Southern Quarterly Review
- Former editors: Daniel Kimball Whitaker, William Gilmore Simms James Henley Thornwell
- Categories: Literature, History, Criticism
- Frequency: Quarterly
- Founder: Daniel Kimball Whitaker James Ritchie
- First issue: January 1842
- Final issue: February 1857
- Country: United States
- Based in: New Orleans, Louisiana (1842–1843); Charleston, South Carolina (1843–1854); Baltimore, Maryland (1854–1855); Columbia, South Carolina (1856–1857);
- OCLC: 1586540

= Southern Quarterly Review =

19th-century American literary magazine

The Southern Quarterly Review (1842–1857) was an American literary magazine founded by Daniel Kimball Whitaker and James Ritchie in New Orleans, Louisiana.
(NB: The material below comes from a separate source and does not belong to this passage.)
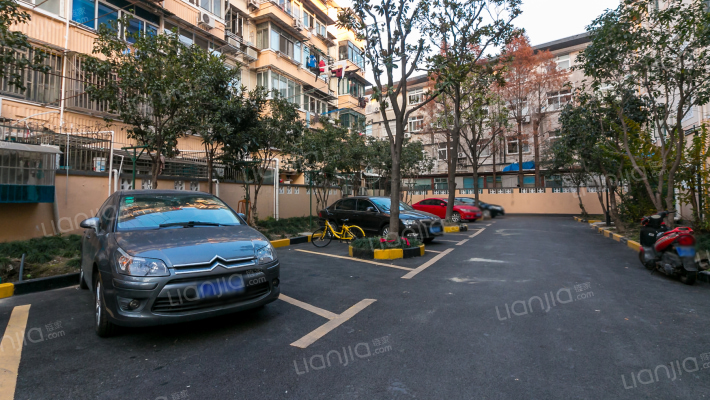 沽一小区外景图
Within the first year the magazine publishing was moved to Charleston, South Carolina, followed moved to Baltimore, Maryland for one year in 1855, before its final move to Columbia, South Carolina. It was known for being pro-slavery.

== History ==
It was established by Daniel K. Whitaker and James Ritchie, both from Massachusetts. Established in New Orleans, it was relocated to Charleston during its first year. It continued there until 1854, relocated to Baltimore in 1855, and returned to South Carolina where it was published in Columbia from 1856 to 1857.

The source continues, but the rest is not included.